- Genre: Drama
- Written by: Peter Yeldham
- Directed by: Don Sharp
- Starring: John McEnery Angela Punch McGregor
- Countries of origin: Australia United Kingdom
- Original language: English
- No. of seasons: 1
- No. of episodes: 6

Production
- Producer: Ray Alchin
- Production locations: Australia West Samoa
- Production company: Australian Broadcasting Corporation

Original release
- Network: ABC
- Release: 15 June – 17 June 1986
- Network: Channel 4
- Release: 22 July – 24 July 1986

= Tusitala (miniseries) =

Tusitala is a 1986 three-part mini series for television based on the last years in the life of Robert Louis Stevenson, when he left Great Britain for Sydney and west Samoa.

==Samoa Connection==
In the Samoan language Tusitala means writer of stories and it is there that Robert Louis Stevenson spent his last four years. He was buried there at Mount Vaea.

==Cast==
- John McEnery as Robert Louis Stevenson
- Angela Punch McGregor as Fanny Stevenson
- Kirk Alexander as Henley
- Dorothy Alison as Maggie
- Norman Kaye as Rev.

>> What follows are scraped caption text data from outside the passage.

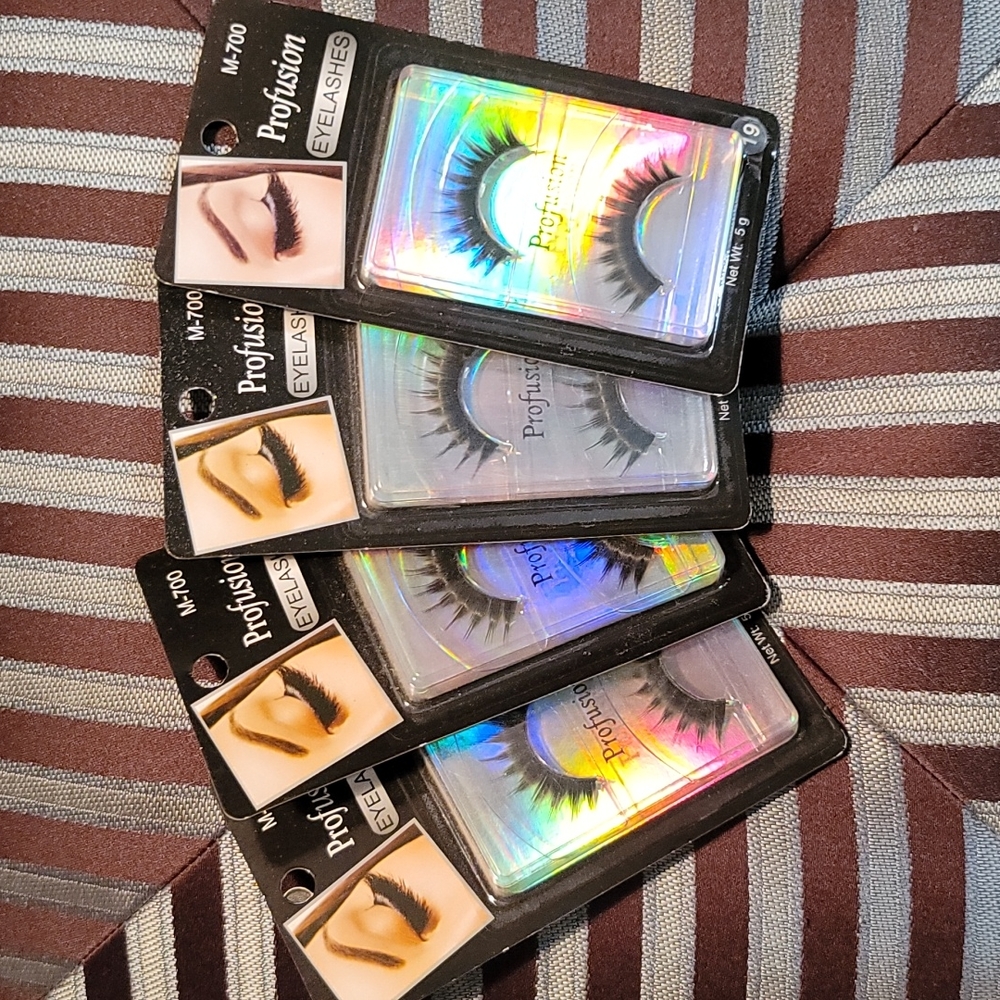 Profusion Eyelashes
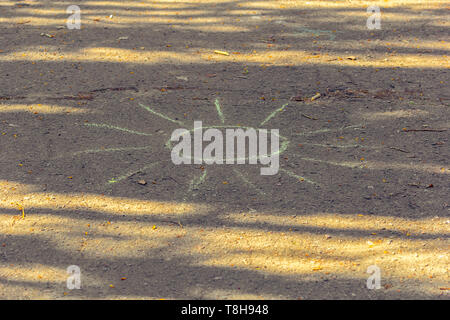 Sonne in Kreide auf Asphalt im Freien aufgestellt Stockfoto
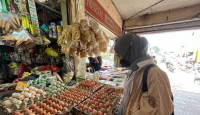 Harga Telur Ayam di Kota Batam Naik Signifikan - GenPI.co Kepri
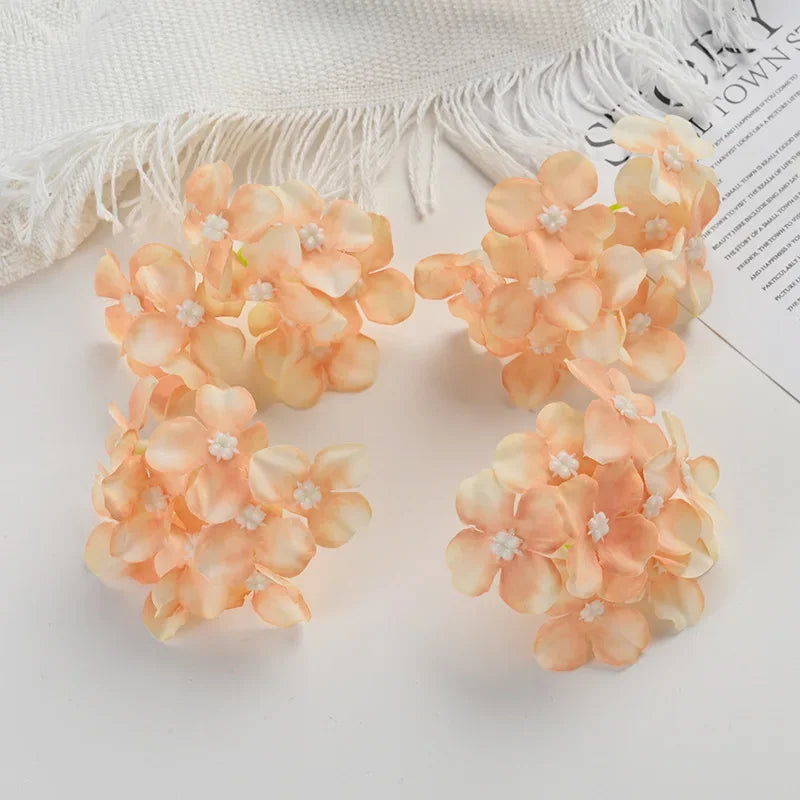 Decorbites™ Hortensienblüten: 30 Stk. 8 cm künstliche Blumen für Heimdekoration, Hochzeit, DIY-Kränze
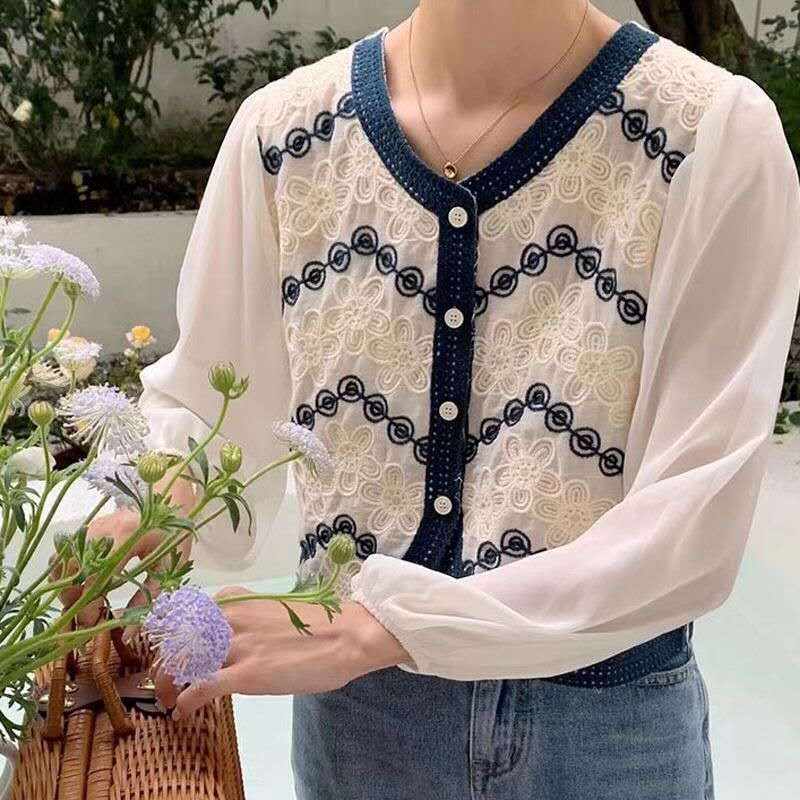 Blus Rajut Bordir Elegan Lengan Panjang Kombinasi Renda Vintage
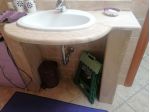 lavandino bagno con pianale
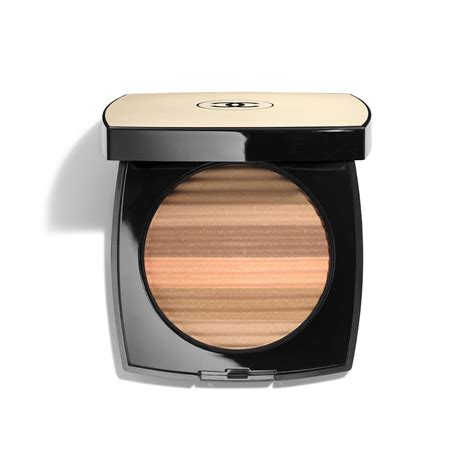 chanel compact poeder|chanel les beiges illuminating powder.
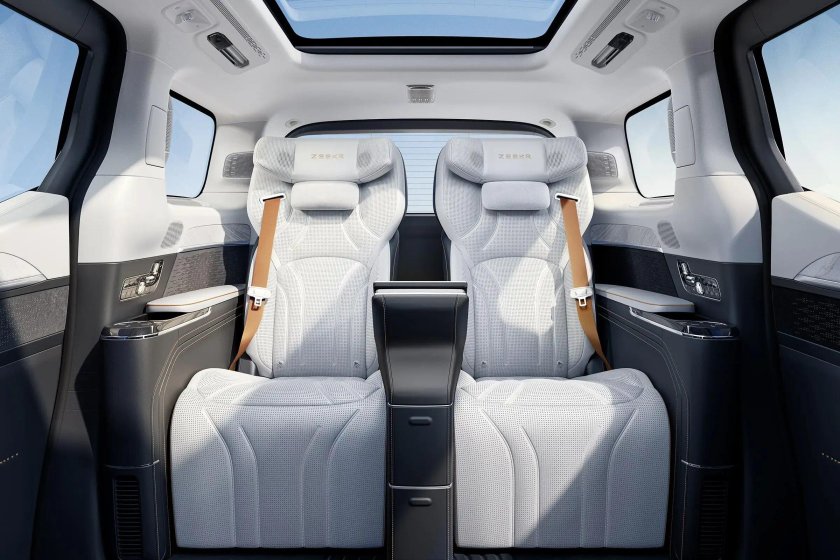 Минивэн zeekr 009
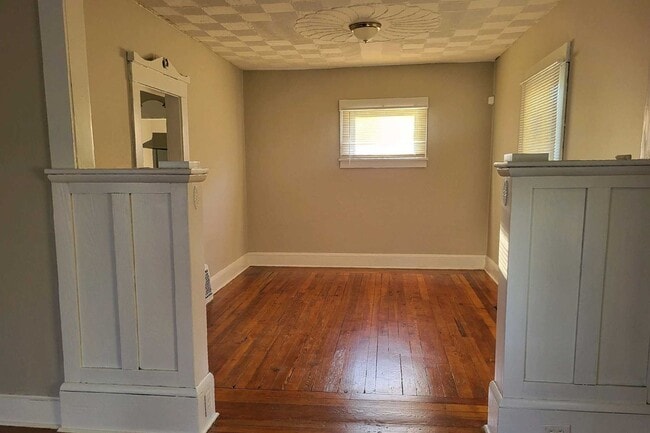 Photo - 400 Bates St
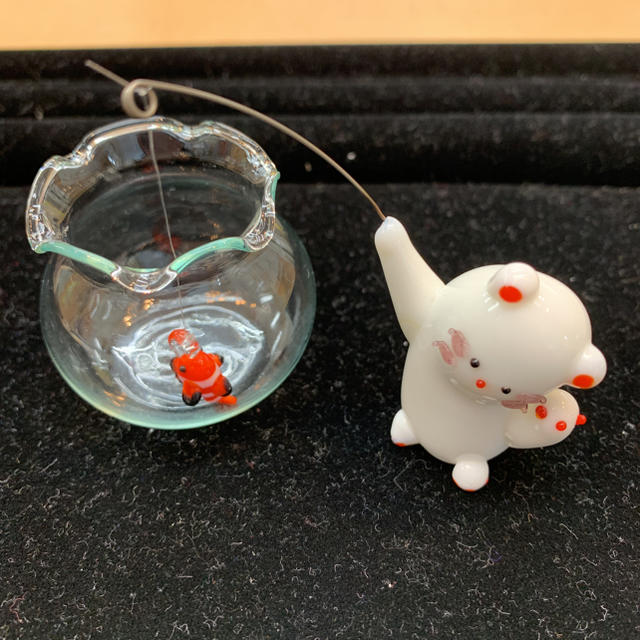 ガラス猫 猫の置物 ねこの置物 陶器かわいい置物　猫好き 釣り エンタメ/ホビーの美術品/アンティーク(ガラス)の商品写真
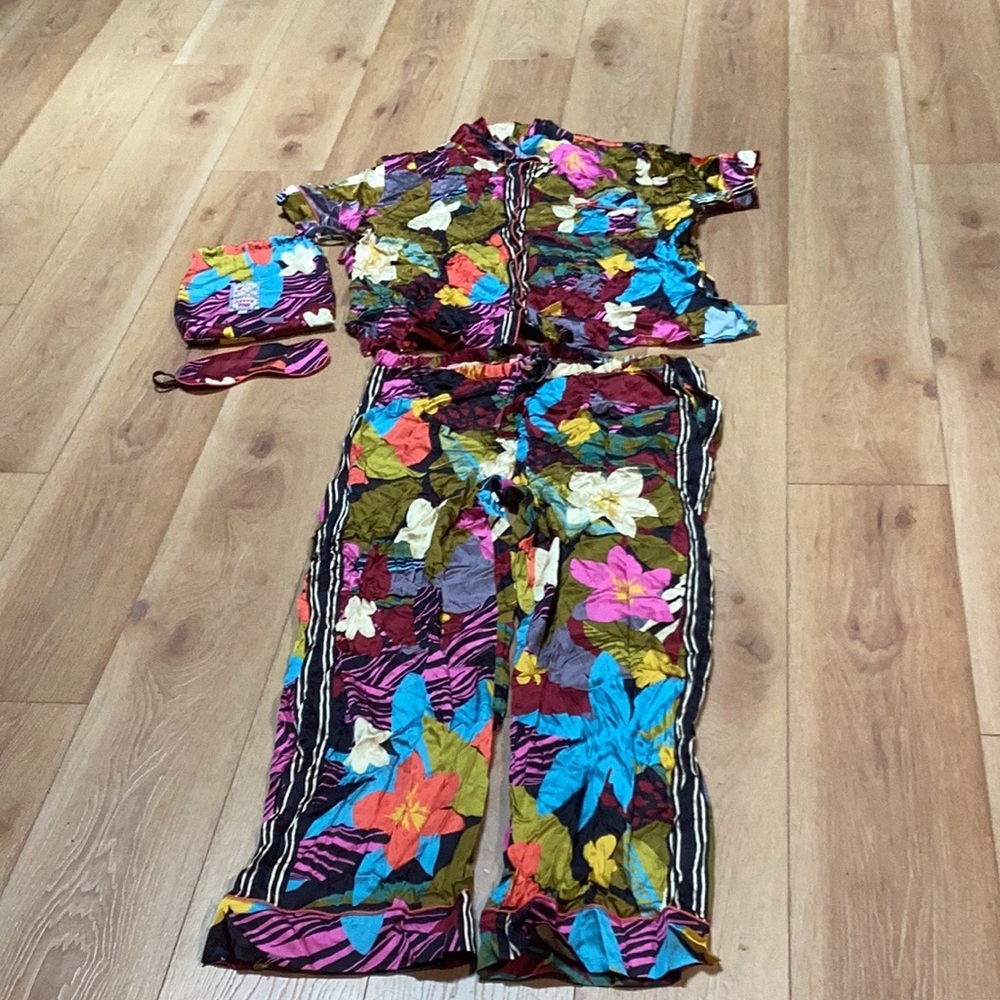 Johnny Was 4 Piece 92% silk sleep lounge set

Clarke
- Lynn Dalby as Almelia Clarke
- Joseph Fürst as Von Pilsarch
- John Hamblin as Dr. Eisler
- Olivia Hamnett as Lady Jersey
- Julie Nihill as Belle Strong

==Production==
There had been plans to film this in the 1960s by Cinesound Productions.

In 1983 producer Ray Alchin announced Ted Roberts would be the writer. The ABC deliberately aimed at an international co production. "We're branching out with an international figure," said Alchin.

The budget was $5 million.

Filming started June 1985 by which stage the writer had become Peter Yeldham. It was the only production Don Sharp ever directed in his native Australia.